• _WORK REQUEST_
Return only the lines of the data below from the line with "Carpetas con anillas" up to and including the line with "Disney Parks Dancing", exactly as written, with the pictures omitted.

• _EXERCISE DATA_
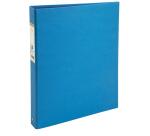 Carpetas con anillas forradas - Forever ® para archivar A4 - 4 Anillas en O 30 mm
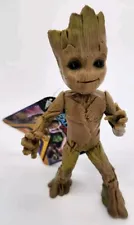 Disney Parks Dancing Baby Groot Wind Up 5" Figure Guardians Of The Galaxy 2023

* * *

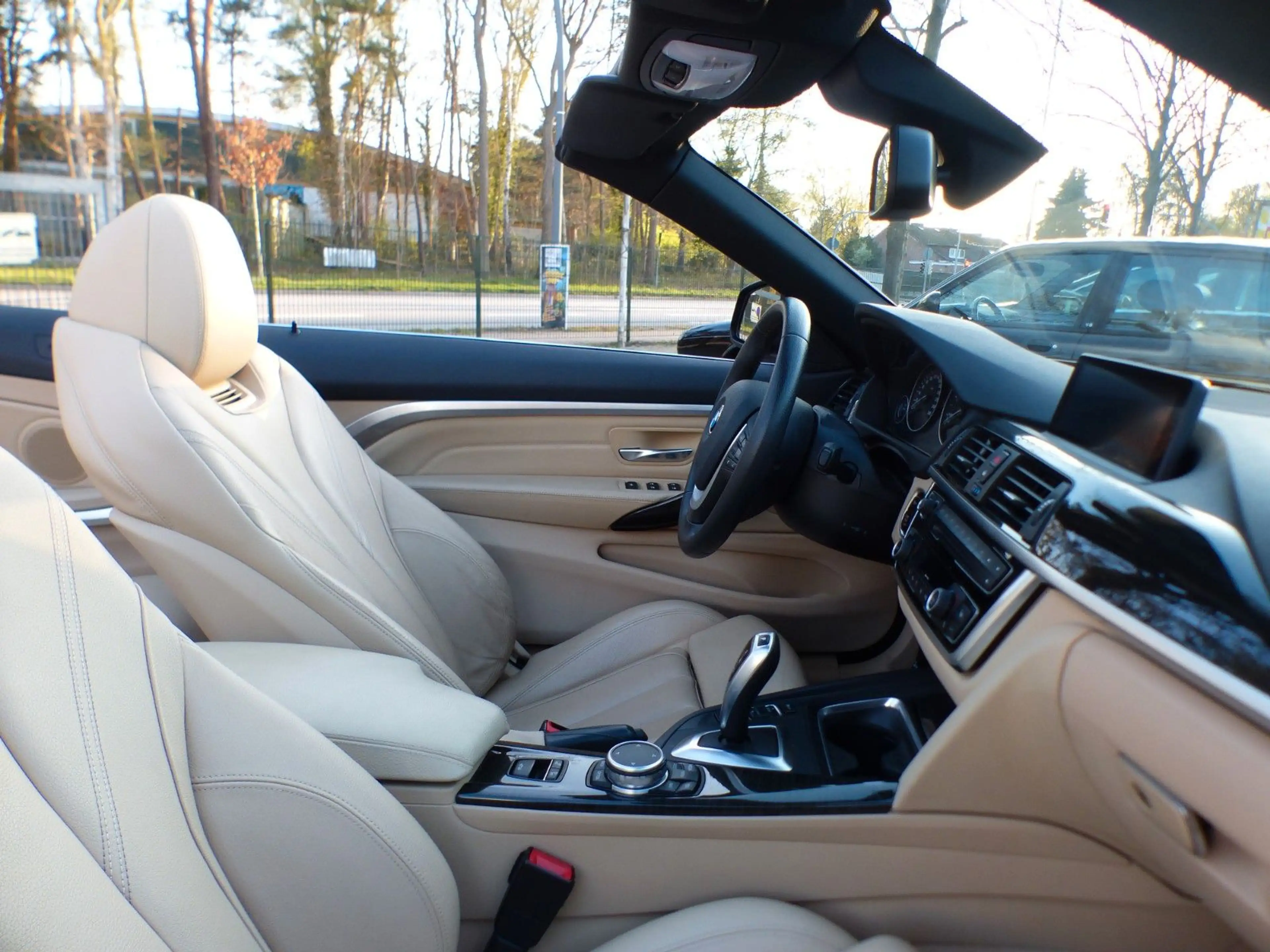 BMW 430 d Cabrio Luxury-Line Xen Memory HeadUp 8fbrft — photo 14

* * *

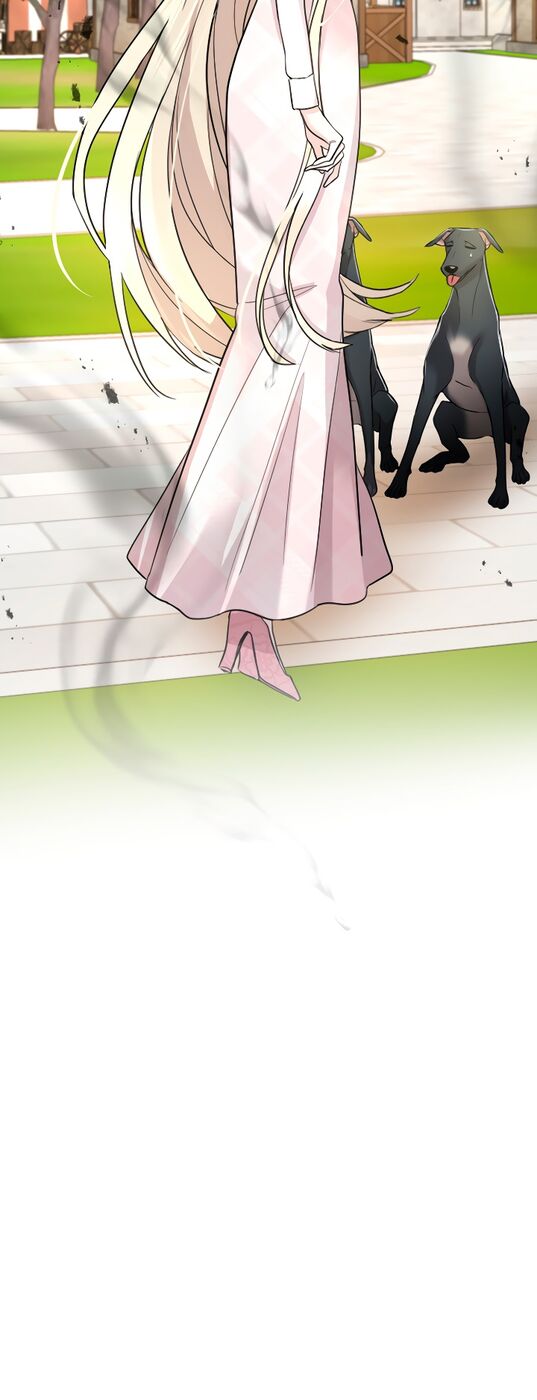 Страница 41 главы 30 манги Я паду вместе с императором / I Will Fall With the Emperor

• _FINISHED EXERCISE_
 Carpetas con anillas forradas - Forever ® para archivar A4 - 4 Anillas en O 30 mm
 Disney Parks Dancing Baby Groot Wind Up 5" Figure Guardians Of The Galaxy 2023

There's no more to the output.